Se habitar limites é um dos objetivos da literatura brasileira, se não de qualquer literatura, talvez ele esteja para se cumprir num local inusitado, fora de seus eixos habituais. De hoje até o dia 16, a 5ª Bienal Internacional do Livro de Pernambuco ocorre em um Centro de Convenções localizado exatamente na divisa entre as cidades de Recife e Olinda.

E, obviamente, não será esse o único limite habitado. Outras relações fronteiriças, como a existente entre literatura nacional e local, nova literatura e literatura canônica, vanguardas e tradições, também podem se depreender da ampla grade de debates, palestras, conferências e oficinas que o evento- que se vangloria de ser a maior feira literária do Nordeste- oferece (programação em www.bienalpernambuco.com).

Da programação do auditório principal, denominado com justiça Manuel Bandeira, homenagem a esse filho da terra, salta aos olhos a profusão de discussões sobre a realidade artística nordestina e pernambucana, como em debate sobre a obra de Gilberto Freyre ou na palestra “A Artéria da Poesia no Território da Mata”, ministrada por Flávio Chaves.

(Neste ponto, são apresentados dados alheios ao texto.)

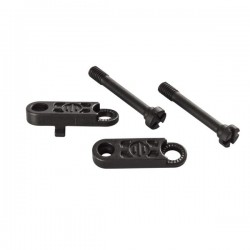 Łoże PWS MK116 MOD2 - 15" / Handguard MK116 MOD2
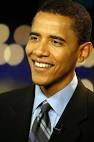 President Barack Obama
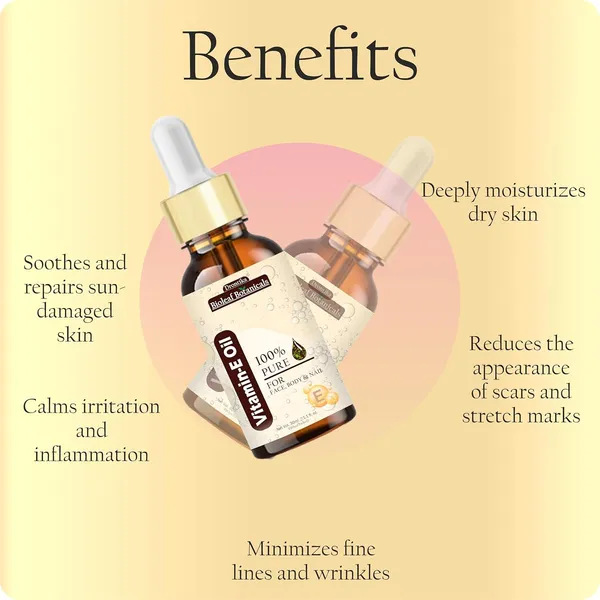 Bioleaf_Botanicals_Vitamin_E_Oil_For_Skin,_Hair_And_Nails,_15Ml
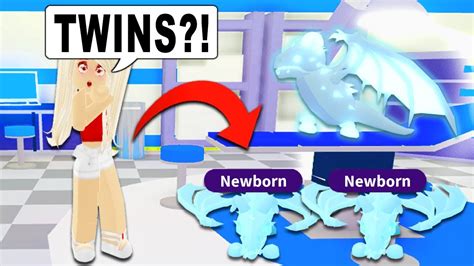 Learn how to draw the frost dragon from roblox adopt me. Trading Only Frost Dragons In Adopt Me Roblox Adopt Me Update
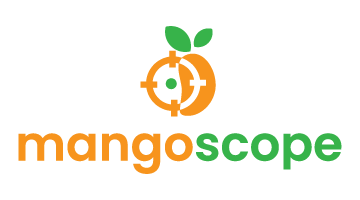 mangoscope.com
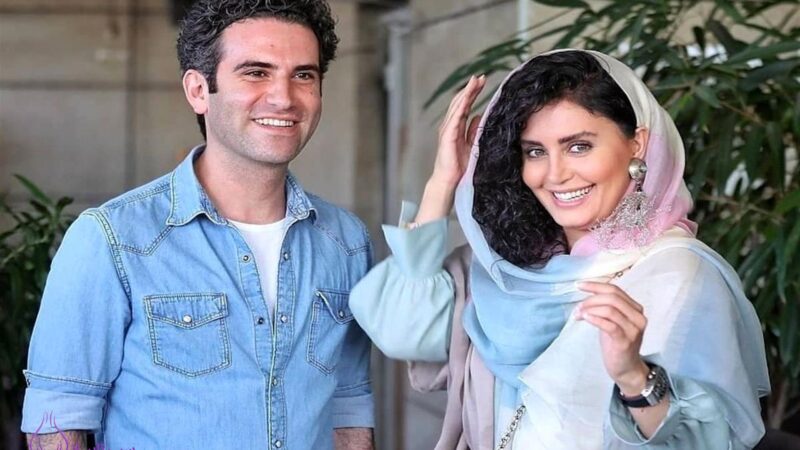 رازهای ناگفته هوتن شکیبا؛ از مخالفت پدر تا مسیر درخشان بازیگری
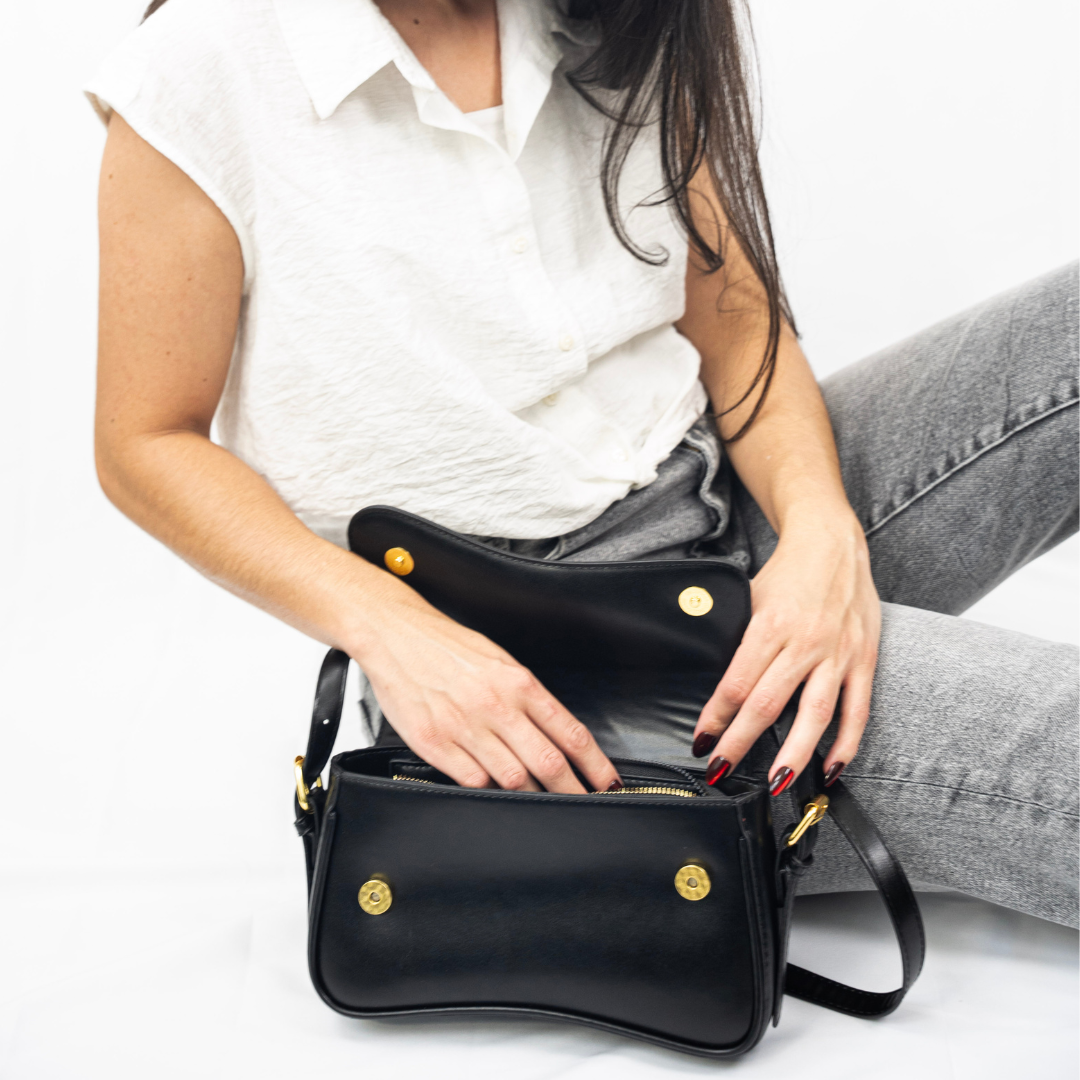 Chloe | Umhängetasche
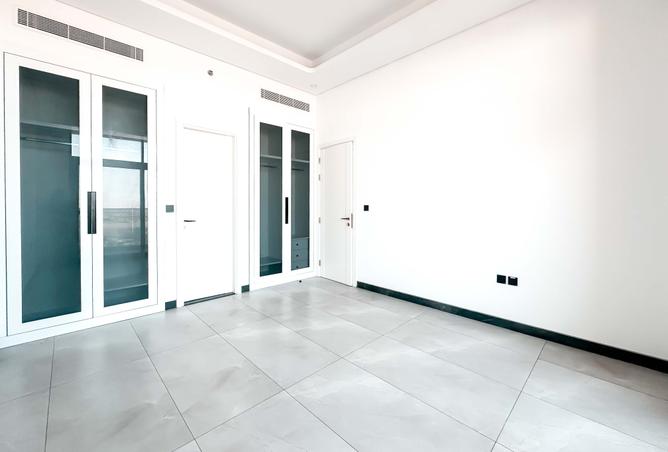 15291708 - صورة العقار 3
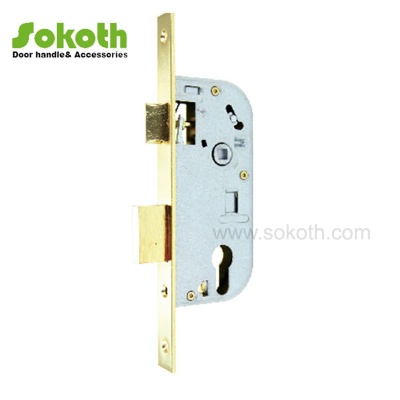 Lock BodySKT-W0206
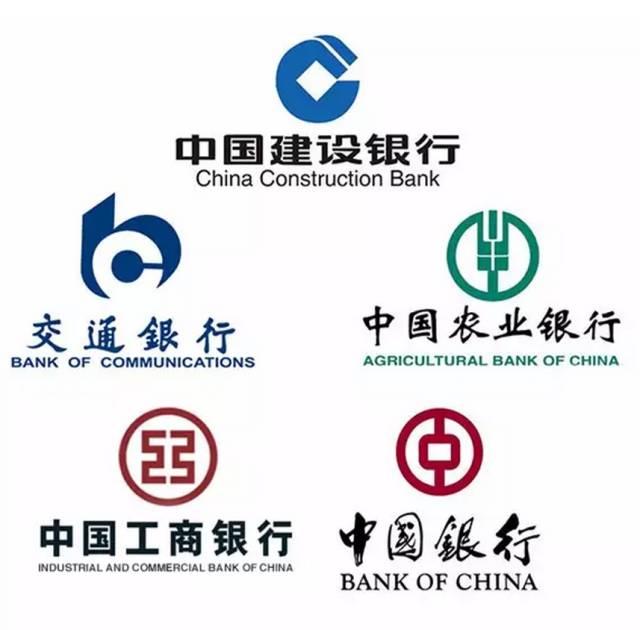 2020银行春招网申中有哪些需要注意的地方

Por outro lado, a lista de convidados que têm se tornado nomes importantes no cenário da literatura nacional é extensa, contando com Luiz Ruffato, Cristóvão Tezza e Marcelo Mirisola, entre muitos outros. E, se é permitido um terceiro lado, valem destaque também nomes mais conhecidos, como Fernando Morais e Pedro Bial, ou outros mais tradicionais e antigos, como o do crítico literário Fábio Lucas ou o do próprio escritor homenageado pela Bienal, Marcos Vinícios Vilaça.

Quanto à parte comercial, em grande medida a razão desse tipo de encontro, o organizador Rogério Robalinho espera que passem cerca de 350 mil pessoas pelos mais de 200 estandes, de 400 editoras. Uma movimentação de aproximadamente R$ 8 milhões.